ГРАМОТНОСТЬ И НАРОДНОСТЬ*
I
Много мы читали и слышали о безграмотности русского народа и о том, что Россия есть страна, где «варварство вооружено всеми средствами цивилизации». Когда это пишут и говорят англичане, французы и немцы, мы остаемся равнодушными или радуемся тому внутреннему ужасу за дальнее будущее Запада, который слышится под этими затверженными без смысла строками.
К несчастию, подобное неосмысленное понятие о России и русских существует и у тех народов, которых связывают с нами племенная близость, или вера и политическая история. Случай заставил меня довольно долго прожить на Дунае. Жизнь на берегах Дуная очень поучительна.

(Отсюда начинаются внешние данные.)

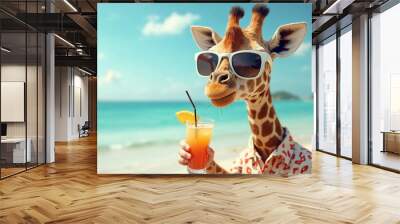 Giraffe wearing sun glasses holding cocktail at the beach Wall mural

Не говоря уже о близости таких крупных национальных и политических единиц, как Австрия, Россия, Турция, Сербия, Молдавия и Валахия, — посещение одной такой области, как Добруджа, не может пройти бесследно для внимательного человека.
В этой турецкой провинции живут под одним и тем же управлением, на одной и той же почве, под одним и тем же небом: турки, татары, черкесы, молдаване, болгары, греки, цыгане, евреи, немецкие колонисты и русские нескольких родов: православные малороссы (удалившиеся сюда отчасти из Сечи Запорожской, отчасти позднее во времена крепостного права), великороссы-старообрядцы (липоване), великороссы-молоканы и православные великороссы. Если прибавить сюда и берега Молдавии, которые так близки — Измаил, Галац, Вилково и т. д., то этнографическая картина станет еще богаче, и в молдавских городах, сверх вышеисчисленных русских иноверцев найдем еще и скопцов в большом количестве. Между извозчиками, например, которые в фаэтонах возят по Галацу, очень много скопцов. То же самое, как слышно, было до последнего времени в Яссах и Бухаресте.

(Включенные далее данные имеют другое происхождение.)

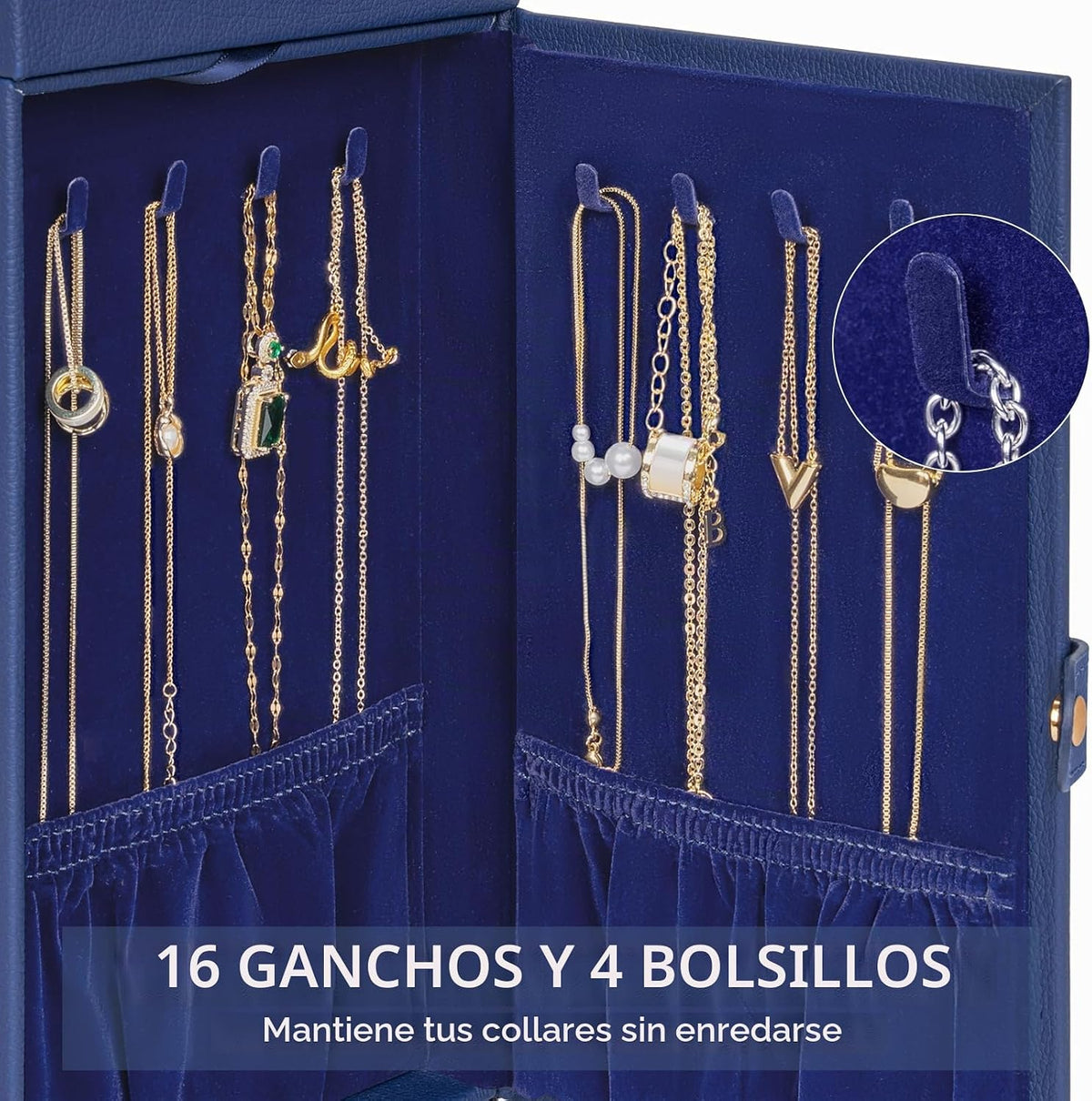 Joyero Organizador con divisiones color azul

Систематическое, сравнительное изучение быта племен, населяющих берега нижнего Дуная, могло бы дать, я уверен, замечательные результаты. Обстоятельства не позволили мне этого сделать, но я уже доволен и тем, что сама жизнь дала мне без внимательного и правильного исследования. Я дорожу особенно двумя добытыми результатами: живым наглядным знакомством с русским простолюдином, перенесенным на чужую почву, и еще знакомством со взглядами наших политических друзей на нас и на наш народ[1].
Один афинский грек, весьма способный, образованный и занимавший в течение своей жизни должности не совсем ничтожные, известный, сверх того, как человек русской партии, вступил однажды со мной в разговор о нашей родине вообще.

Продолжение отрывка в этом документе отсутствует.